- **Work request**: Would you reproduce the data below exactly, please, leaving out its images?

- **Source material**:
◇ ◇ ◇ ◇ ◇

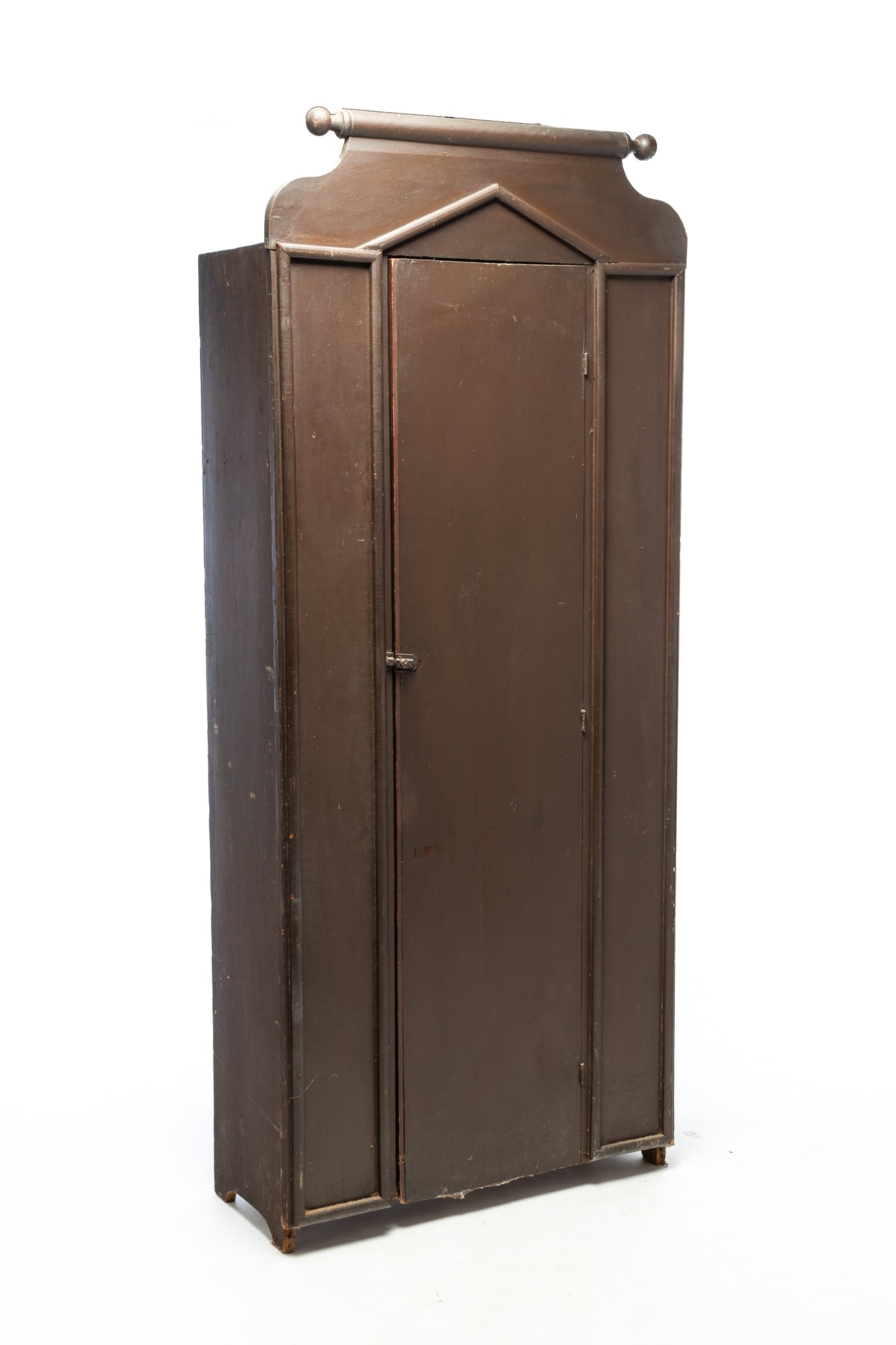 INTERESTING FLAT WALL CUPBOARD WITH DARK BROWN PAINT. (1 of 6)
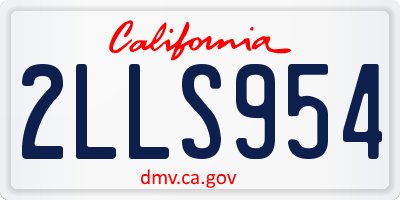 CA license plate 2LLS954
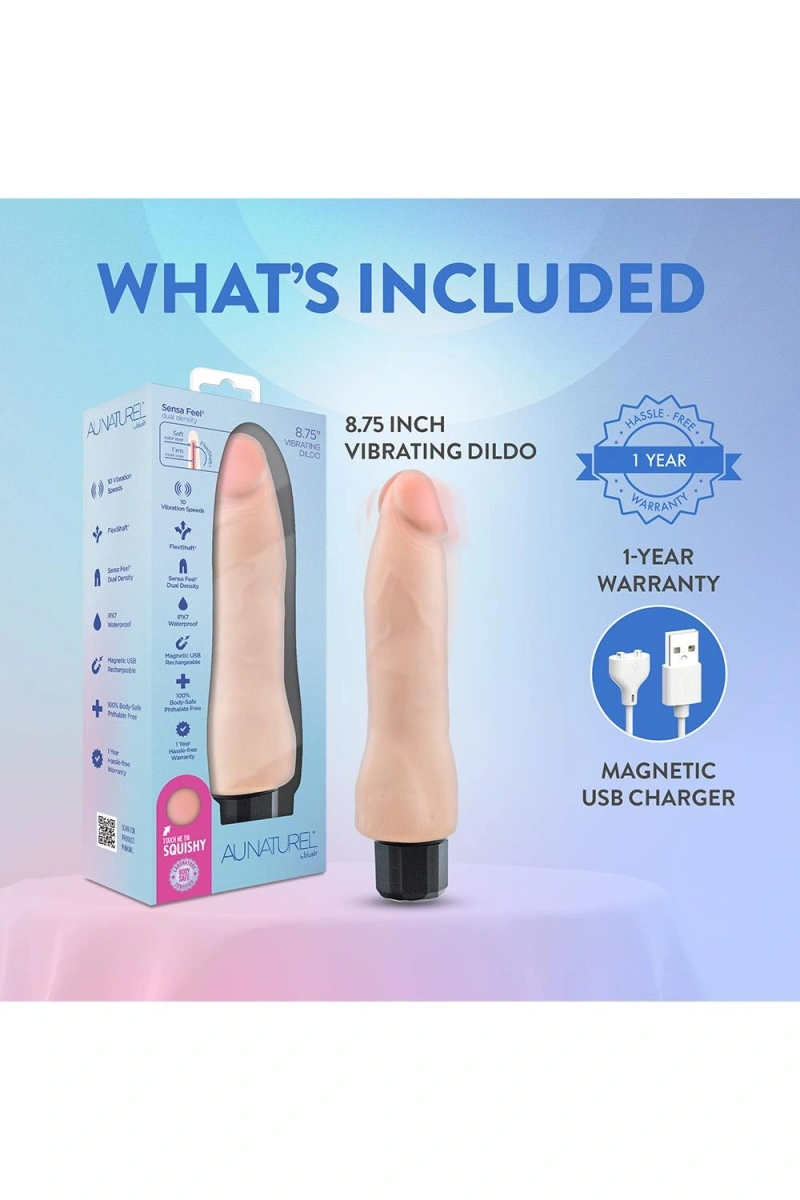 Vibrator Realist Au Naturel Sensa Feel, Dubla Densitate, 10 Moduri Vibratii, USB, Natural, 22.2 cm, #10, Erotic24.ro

◇ ◇ ◇ ◇ ◇

- **Reply to the task**:
 INTERESTING FLAT WALL CUPBOARD WITH DARK BROWN PAINT. (1 of 6)
 CA license plate 2LLS954
 Vibrator Realist Au Naturel Sensa Feel, Dubla Densitate, 10 Moduri Vibratii, USB, Natural, 22.2 cm, #10, Erotic24.ro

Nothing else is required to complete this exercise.